かくいうわが家もお互いに調子がいい時は比較的話ができますが、喧嘩中は「話しかけた方が負け」ってな感じで徹底抗戦。
対話どころか目も見ないし挨拶もしない、そんな日々もありました。(今もたまにあります)

でも、何事においてもチームとしてやっていく限り、チームメンバーとのコミュニケーションは不可欠。業務連絡だけではなく、お互いの考えを共有したり、意見を伝え合ったり、議論、相談、調整、報告などなどさまざまな種類のコミュニケーションが必要です。

中でも、家族として大切にしたいことや自分の軸となる価値観を共有する対話はチーム創りのベースとなったり、判断の基準になったりする大切なもの。難しい!けれど、避けては通れません。

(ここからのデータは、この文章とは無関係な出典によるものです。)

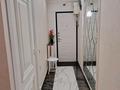 2-комнатная квартира · 56 м², Джангильдина — Напротив магазина "Эврика" за 25 000 ₸ в Шымкенте, Аль-Фарабийский р-н — фото 3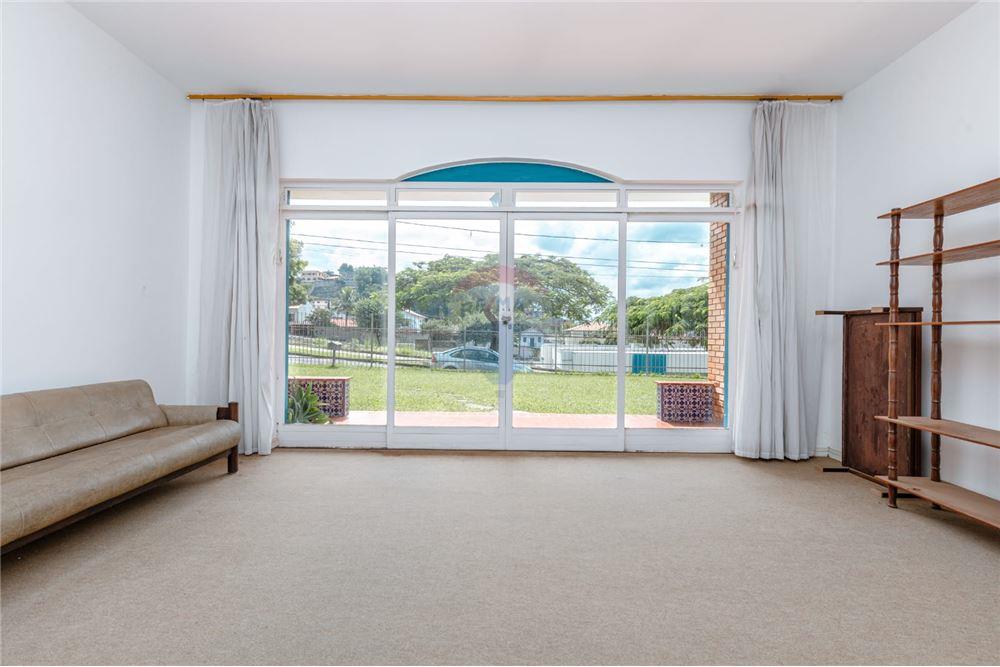 Casa - Venda - Juiz de Fora , Minas Gerais - 20 - 860241113-26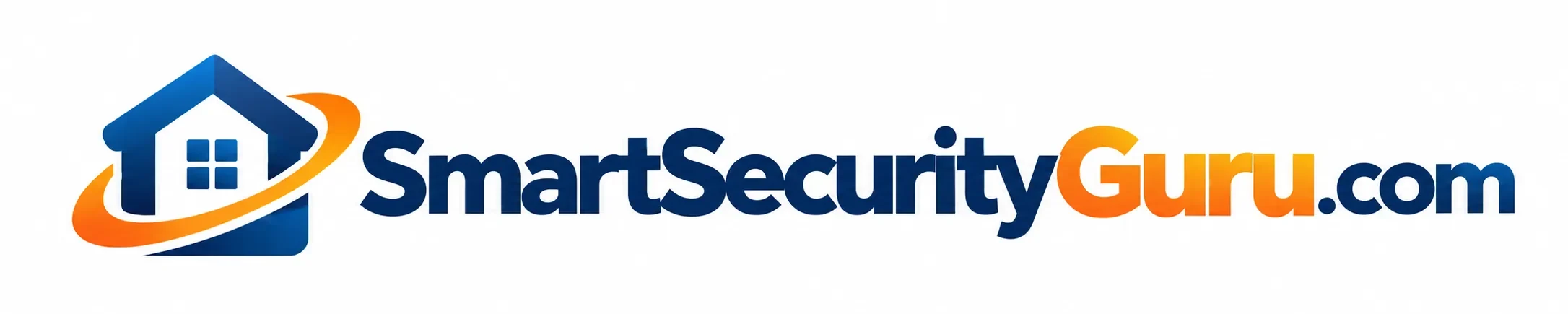 Smart Security Guru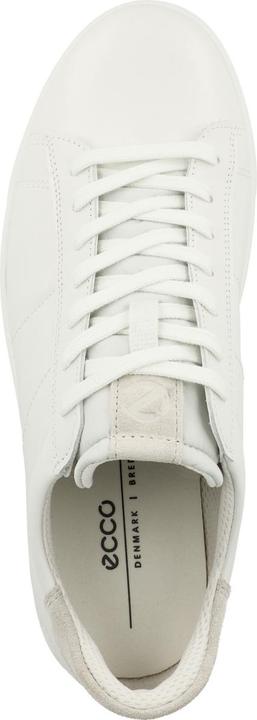 Immagine prodotto Ecco Via (44)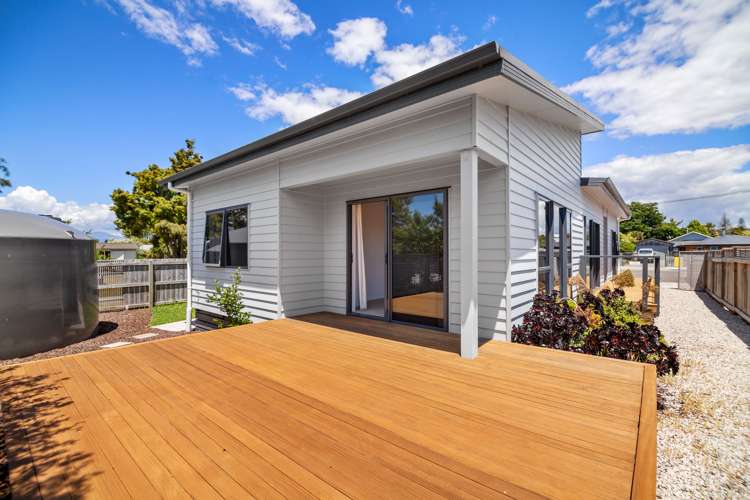 48b Iwa Street Mapua_15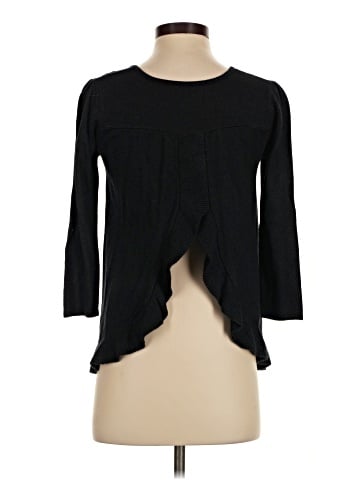 Acrobat Pullover Sweater (view 2)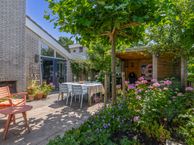 Kadelaan 180, 2725 BR Zoetermeer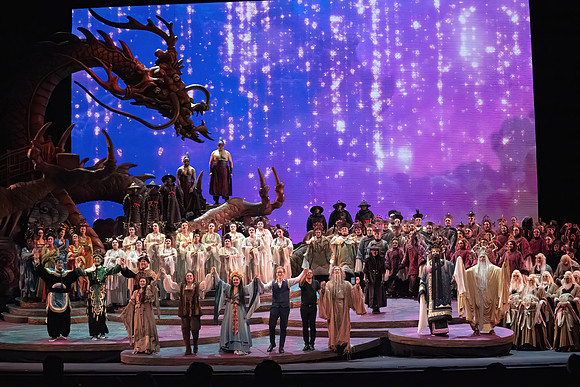 DN_20260305_Turandot_Arsht _DSC0231DN_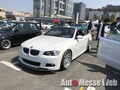 BMWカスタムの最新トレンド、此処にあり!! 「af imp.スーパーカーニバル2018 」出展ユーザーカーを全台公開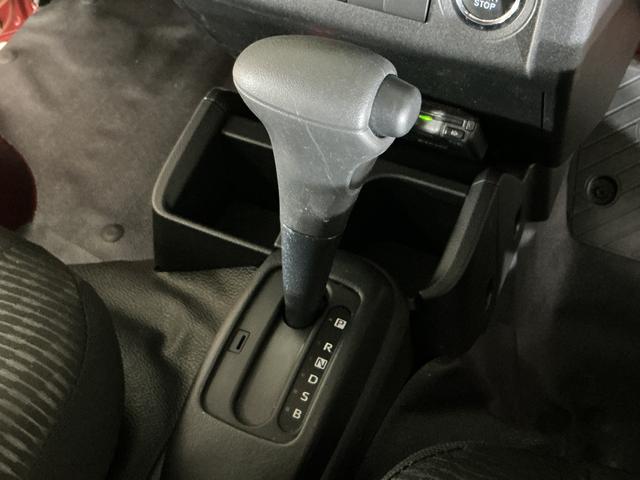 ハイゼットトラックジャンボエクストラ　ワンオーナー　４ＷＤ　ナビ　バックカメラワンオーナー　４ＷＤ　ナビ　バックカメラ　ドライブレコーダー　ＥＴＣ　前後コーナーセンサー　３方開　荷台作業灯　デジタルインナーミラー　オートマチックハイビーム　Ｂｌｕｅｔｏｏｔｈ　ＤＶＤ再生（京都府）の中古車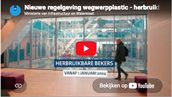 Schermafbeelding 2026-05-28 om 13.06.06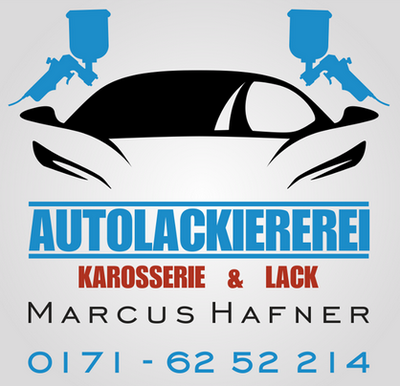 img_Hafner img_Hafner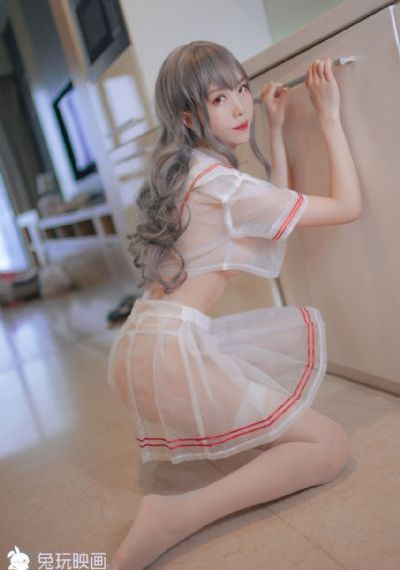 大黄无码网站在线观看_超清免费观看视频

では、対話が難しい家族は、どんなに苦しくても喧嘩しても向き合って対話するしかないのか?それとも誰かが我慢をしてワンオペで頑張り、チームになることを諦めるしかないのか。

その問いのヒントを前回ご紹介した家族レジリエンスに発見!対話は避けては通れないけれど、ガチガチに凝り固まった肩の力が抜けそうなヒントが見つかりました。

チームレジリエンスのプロセス

家族レジリエンスは、困難なことが起きた時にそれを乗り越える力またはそれにより個人や家族が対応力を獲得し成長する過程を指します。

チームレジリエンスの過程を表したのが以下の4つのステップです。チームわが家構築のプロセスも言葉は多少違いますが、ほとんど同じです。

参考:https://www.cultibase.jp/articles/10125

まずは見えている景色の共有です。同じ出来事を見ていても、一方は「大した問題ではない」と捉え、他方は「大問題!」と捉えていたら、そこにある困難や課題が見えません。対話を通してお互いにどう見えているかを共有し、景色のすり合わせをします。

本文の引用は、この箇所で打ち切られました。